Composition and Liturgical Function

Church Sonata No. 17 in C major, K. 336 was composed in Salzburg in March 1780, when Mozart was 24.[1][2] As with the other church sonatas, its intended role was explicitly liturgical: it “covers” the brief interval as the celebrant moves between reading positions, and it would typically be paired with a Mass in the same key and general festive profile.[3]

The scoring is the Salzburg norm: two violins with bass (cello/double bass) and organ.[3] Yet K. 336 is anything but routine. A contemporary modern commentary notes that it is cast as a “concerto movement in miniature,” complete with short ritornellos and even a written invitation to cadenza-like display.[2]

Musical Structure

K. 336 consists of a single movement:

  • I. Allegro (C major)[3]

The headline feature is the obbligato organ writing. Across the church sonata cycle, Mozart sometimes assigns the organ a genuine solo role, but K. 336 presses the idea further: the organ’s figuration and passagework feel less like accompaniment than like a condensed concerto exposition, with the strings supplying a compact orchestral frame.[2][3]

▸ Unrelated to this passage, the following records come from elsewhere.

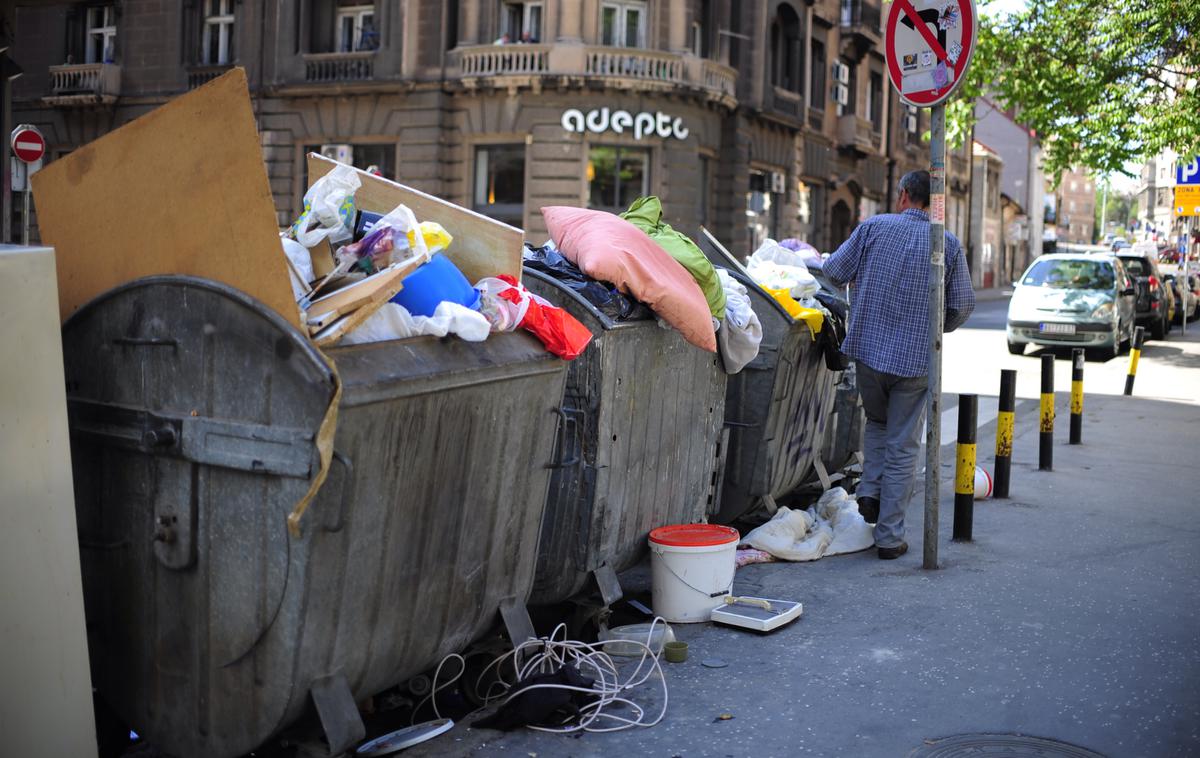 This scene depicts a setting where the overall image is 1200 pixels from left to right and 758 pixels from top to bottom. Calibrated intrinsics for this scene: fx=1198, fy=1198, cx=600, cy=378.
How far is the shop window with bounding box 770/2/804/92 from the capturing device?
34344mm

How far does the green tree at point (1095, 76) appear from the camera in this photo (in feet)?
66.1

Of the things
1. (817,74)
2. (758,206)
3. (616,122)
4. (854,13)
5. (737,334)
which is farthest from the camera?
(854,13)

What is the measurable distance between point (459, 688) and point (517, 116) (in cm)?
2378

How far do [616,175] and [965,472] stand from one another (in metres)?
21.5

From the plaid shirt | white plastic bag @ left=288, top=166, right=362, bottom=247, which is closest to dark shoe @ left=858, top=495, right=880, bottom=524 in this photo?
the plaid shirt

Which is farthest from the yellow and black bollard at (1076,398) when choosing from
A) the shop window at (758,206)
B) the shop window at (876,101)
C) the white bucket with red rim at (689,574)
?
the shop window at (876,101)

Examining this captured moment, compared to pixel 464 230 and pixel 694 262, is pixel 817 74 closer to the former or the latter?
pixel 694 262

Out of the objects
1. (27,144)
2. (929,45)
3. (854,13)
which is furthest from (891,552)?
(854,13)

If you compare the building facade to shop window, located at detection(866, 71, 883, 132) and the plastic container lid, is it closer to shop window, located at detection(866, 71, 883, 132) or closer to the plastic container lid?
shop window, located at detection(866, 71, 883, 132)

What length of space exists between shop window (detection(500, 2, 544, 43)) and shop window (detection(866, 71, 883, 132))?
1921 centimetres

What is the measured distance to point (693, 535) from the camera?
538 centimetres

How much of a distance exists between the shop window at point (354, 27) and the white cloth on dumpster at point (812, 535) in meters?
24.6

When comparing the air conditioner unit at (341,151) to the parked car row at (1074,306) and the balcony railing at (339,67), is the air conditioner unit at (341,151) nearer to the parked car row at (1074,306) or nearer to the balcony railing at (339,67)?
the balcony railing at (339,67)

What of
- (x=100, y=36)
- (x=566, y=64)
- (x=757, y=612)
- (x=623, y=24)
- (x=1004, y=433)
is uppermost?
(x=100, y=36) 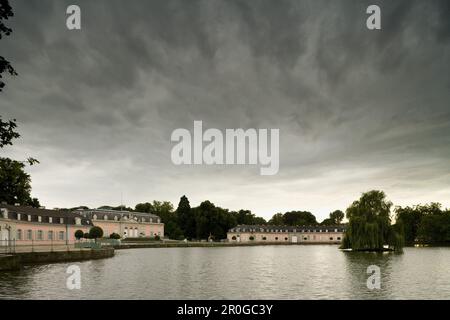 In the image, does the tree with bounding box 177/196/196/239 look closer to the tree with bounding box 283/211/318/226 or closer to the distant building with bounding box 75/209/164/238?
the distant building with bounding box 75/209/164/238

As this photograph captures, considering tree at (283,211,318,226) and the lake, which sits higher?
the lake

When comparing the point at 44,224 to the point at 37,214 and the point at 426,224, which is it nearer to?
the point at 37,214

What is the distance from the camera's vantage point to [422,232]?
104 metres

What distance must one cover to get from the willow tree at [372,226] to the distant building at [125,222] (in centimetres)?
6481

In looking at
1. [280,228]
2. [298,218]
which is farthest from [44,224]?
[298,218]

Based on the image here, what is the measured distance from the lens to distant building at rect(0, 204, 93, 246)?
53125mm

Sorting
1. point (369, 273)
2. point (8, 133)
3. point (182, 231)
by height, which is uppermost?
point (8, 133)

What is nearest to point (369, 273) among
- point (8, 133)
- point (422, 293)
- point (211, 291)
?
point (422, 293)

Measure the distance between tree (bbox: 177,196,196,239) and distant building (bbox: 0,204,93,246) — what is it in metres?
42.6

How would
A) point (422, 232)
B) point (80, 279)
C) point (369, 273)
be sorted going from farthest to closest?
point (422, 232) < point (369, 273) < point (80, 279)

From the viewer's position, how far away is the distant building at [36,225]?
53.1 metres

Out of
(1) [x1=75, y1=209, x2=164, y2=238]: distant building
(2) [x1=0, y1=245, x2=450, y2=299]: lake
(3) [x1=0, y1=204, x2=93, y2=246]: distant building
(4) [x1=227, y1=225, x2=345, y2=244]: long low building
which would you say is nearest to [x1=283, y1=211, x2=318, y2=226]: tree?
(4) [x1=227, y1=225, x2=345, y2=244]: long low building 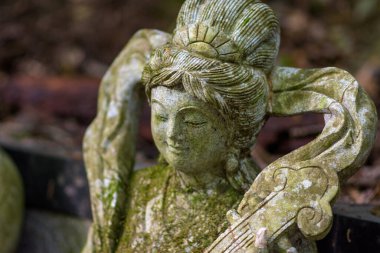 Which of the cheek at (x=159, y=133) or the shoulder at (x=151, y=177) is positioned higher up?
the cheek at (x=159, y=133)

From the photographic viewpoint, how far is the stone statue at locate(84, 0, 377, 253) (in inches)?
102

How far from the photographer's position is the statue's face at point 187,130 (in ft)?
8.87

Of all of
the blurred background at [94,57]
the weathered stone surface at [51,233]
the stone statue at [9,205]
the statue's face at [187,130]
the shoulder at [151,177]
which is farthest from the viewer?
the blurred background at [94,57]

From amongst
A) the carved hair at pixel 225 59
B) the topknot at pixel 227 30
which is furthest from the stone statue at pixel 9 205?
the topknot at pixel 227 30

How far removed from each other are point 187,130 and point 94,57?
16.7ft

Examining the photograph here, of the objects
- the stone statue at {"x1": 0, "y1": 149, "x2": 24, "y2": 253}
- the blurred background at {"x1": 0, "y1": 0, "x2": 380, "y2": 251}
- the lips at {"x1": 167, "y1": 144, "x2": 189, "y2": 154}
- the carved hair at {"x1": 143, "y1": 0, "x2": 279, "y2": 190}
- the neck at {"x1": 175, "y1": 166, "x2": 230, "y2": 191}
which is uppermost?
the carved hair at {"x1": 143, "y1": 0, "x2": 279, "y2": 190}

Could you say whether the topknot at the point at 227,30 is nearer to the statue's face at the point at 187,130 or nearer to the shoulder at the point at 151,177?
the statue's face at the point at 187,130

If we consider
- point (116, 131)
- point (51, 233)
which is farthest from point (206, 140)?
point (51, 233)

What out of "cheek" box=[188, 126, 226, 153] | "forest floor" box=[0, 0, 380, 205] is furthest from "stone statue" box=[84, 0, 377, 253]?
"forest floor" box=[0, 0, 380, 205]

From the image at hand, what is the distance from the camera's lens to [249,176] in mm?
2920

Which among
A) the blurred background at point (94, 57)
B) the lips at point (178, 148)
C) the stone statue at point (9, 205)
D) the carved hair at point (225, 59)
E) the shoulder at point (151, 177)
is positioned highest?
the carved hair at point (225, 59)

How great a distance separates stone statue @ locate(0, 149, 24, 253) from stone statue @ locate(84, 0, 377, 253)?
4.47 ft

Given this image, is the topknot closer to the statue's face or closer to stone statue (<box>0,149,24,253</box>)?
the statue's face

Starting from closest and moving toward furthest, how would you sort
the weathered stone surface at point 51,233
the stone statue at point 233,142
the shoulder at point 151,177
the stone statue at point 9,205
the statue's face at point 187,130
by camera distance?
the stone statue at point 233,142 < the statue's face at point 187,130 < the shoulder at point 151,177 < the stone statue at point 9,205 < the weathered stone surface at point 51,233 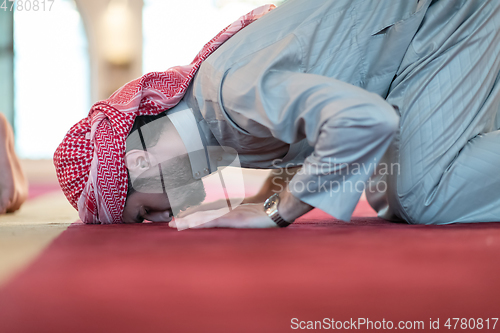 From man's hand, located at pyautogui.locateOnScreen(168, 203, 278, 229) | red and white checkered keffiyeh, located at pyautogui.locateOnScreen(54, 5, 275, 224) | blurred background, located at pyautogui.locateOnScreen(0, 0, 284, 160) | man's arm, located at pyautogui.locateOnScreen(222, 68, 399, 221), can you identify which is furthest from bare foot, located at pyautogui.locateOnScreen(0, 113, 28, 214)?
blurred background, located at pyautogui.locateOnScreen(0, 0, 284, 160)

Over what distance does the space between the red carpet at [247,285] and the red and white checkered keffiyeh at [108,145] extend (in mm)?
278

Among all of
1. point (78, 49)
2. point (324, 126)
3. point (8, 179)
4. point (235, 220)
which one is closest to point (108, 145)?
point (235, 220)

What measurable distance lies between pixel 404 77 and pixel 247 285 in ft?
2.45

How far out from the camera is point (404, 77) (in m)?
1.01

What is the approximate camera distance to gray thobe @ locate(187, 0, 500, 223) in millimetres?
897

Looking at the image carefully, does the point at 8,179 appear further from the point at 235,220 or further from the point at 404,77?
the point at 404,77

Formally, listeners can hear a sonata-allegro logic (exposition, development, recapitulation), yet the movement also borrows concerto habits: brief tutti-like “pillars” (ritornellos) and a sense of solo-versus-ensemble argument.[2] Particularly striking is the way Mozart intensifies the recapitulation rather than merely “returning”: after the main themes reappear, he adds developmental working-out and even allows a turn to the tonic minor, sharpening the harmonic profile without sacrificing liturgical brightness.[2]

Reception and Legacy

Because these pieces were functional, local, and short, they never circulated in the public way Mozart’s concert works did; and shortly after Mozart left Salzburg, the Epistle Sonata custom itself faded from use.[3] Even so, K. 336 has a special standing as the last of the seventeen and—musically—the one that most openly advertises the organist-composer at work.[2][3]

Today it appears both in historically informed liturgical reconstructions and in concert programming as a sparkling miniature: a reminder that Mozart’s Salzburg “duty music” can be, at its best, an art of compression—where a few minutes are enough for wit, drama, and genuine virtuosity.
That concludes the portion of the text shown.